Provided records
⟨

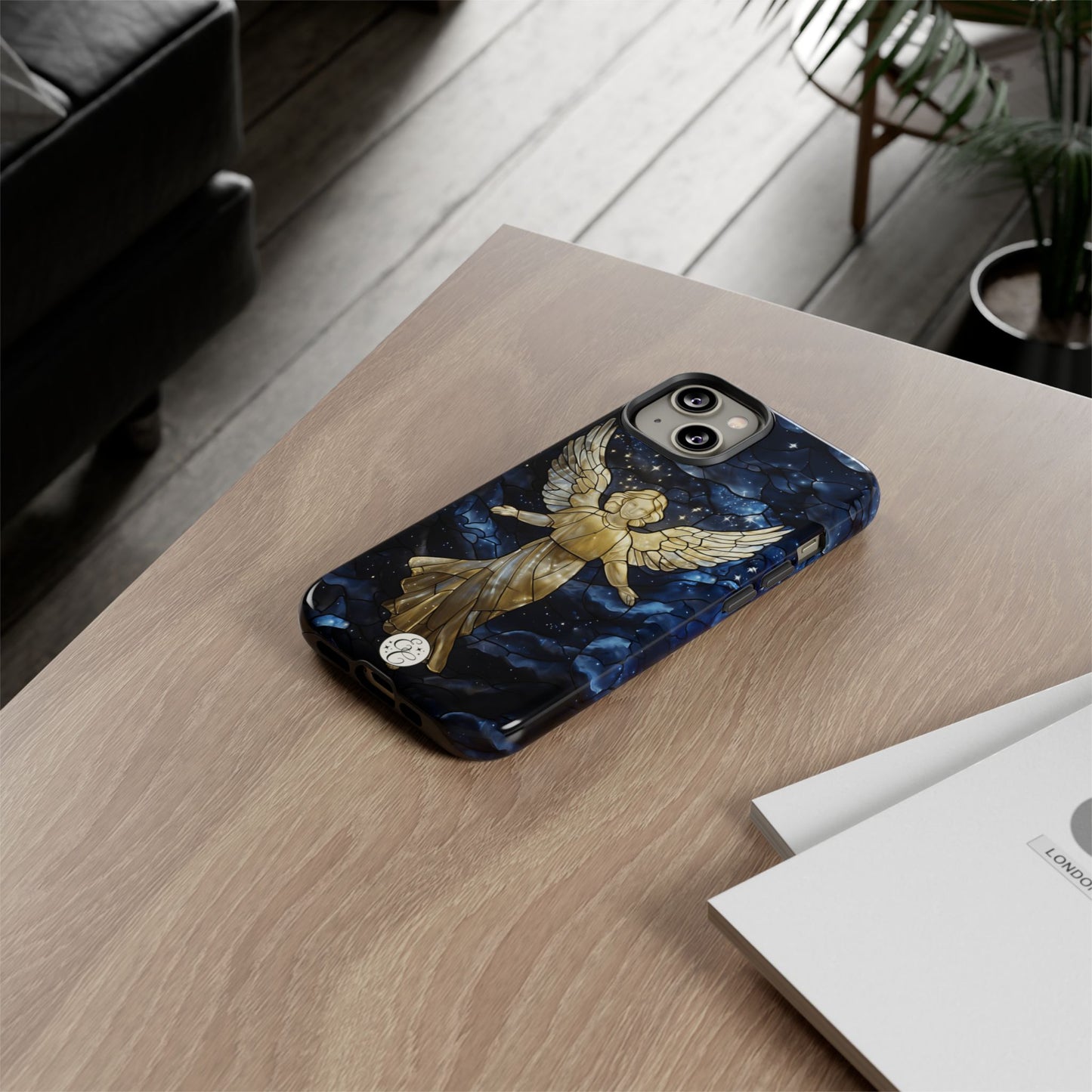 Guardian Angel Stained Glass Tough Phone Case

⟩
⟨

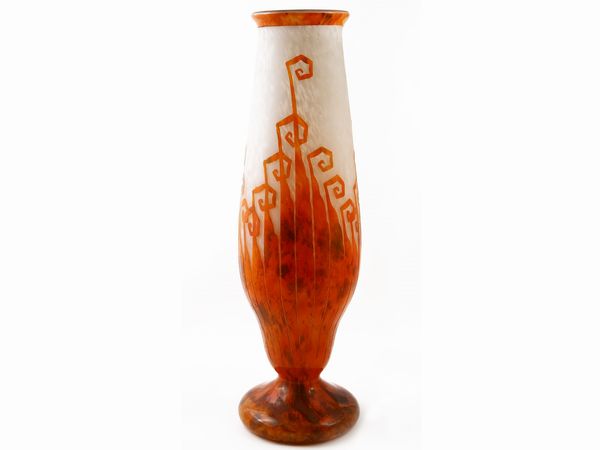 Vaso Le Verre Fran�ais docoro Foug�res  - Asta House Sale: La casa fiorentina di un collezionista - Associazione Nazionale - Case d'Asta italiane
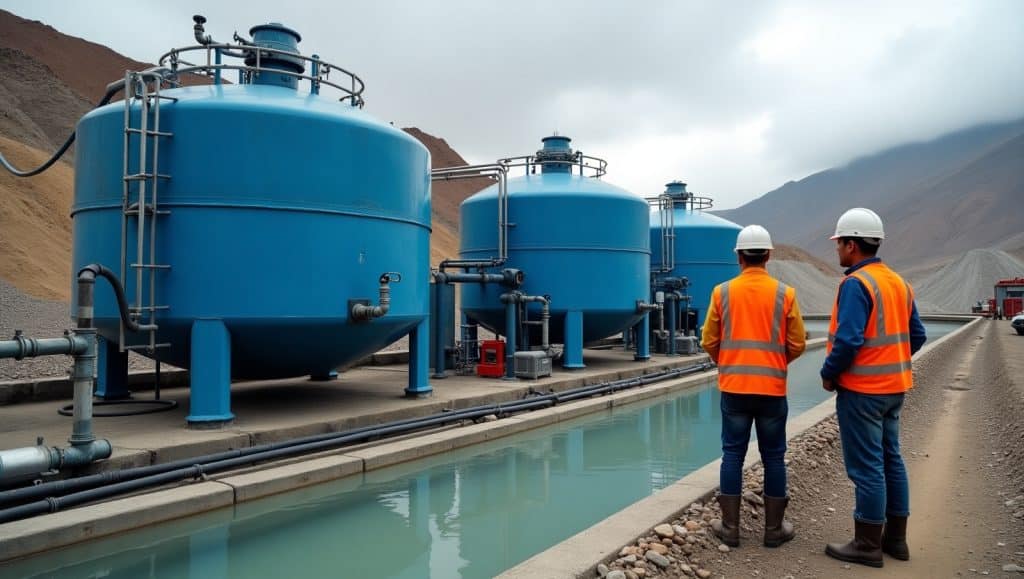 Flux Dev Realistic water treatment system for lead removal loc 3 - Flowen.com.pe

⟩
⟨

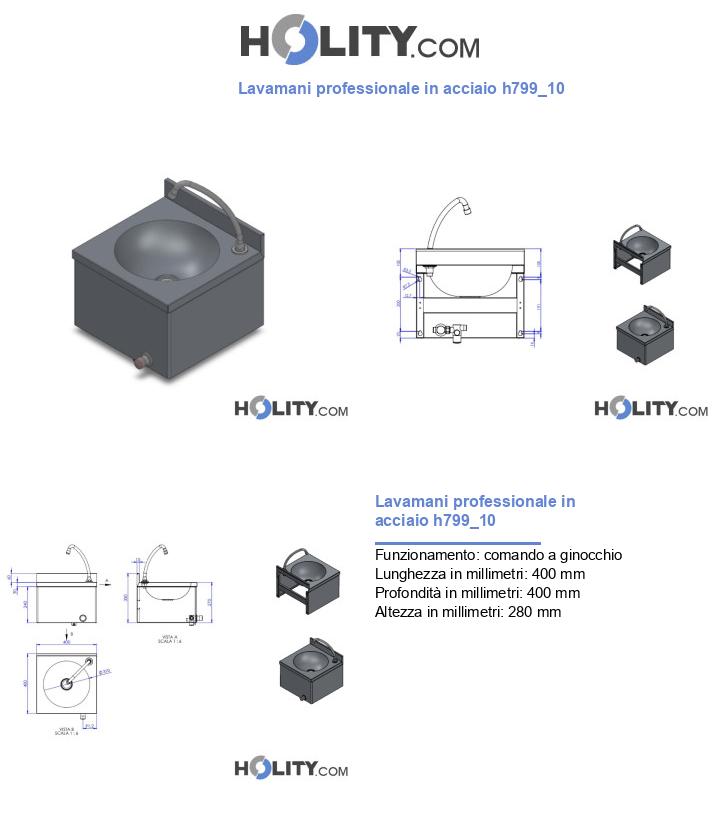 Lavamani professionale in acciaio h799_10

⟩

What to produce
Copy out exactly the material that runs from the line with "Vaso Le Verre" to the line with "Flux Dev Realistic", ends included, and leave the pictures behind.

Written response
 Vaso Le Verre Fran�ais docoro Foug�res  - Asta House Sale: La casa fiorentina di un collezionista - Associazione Nazionale - Case d'Asta italiane
 Flux Dev Realistic water treatment system for lead removal loc 3 - Flowen.com.pe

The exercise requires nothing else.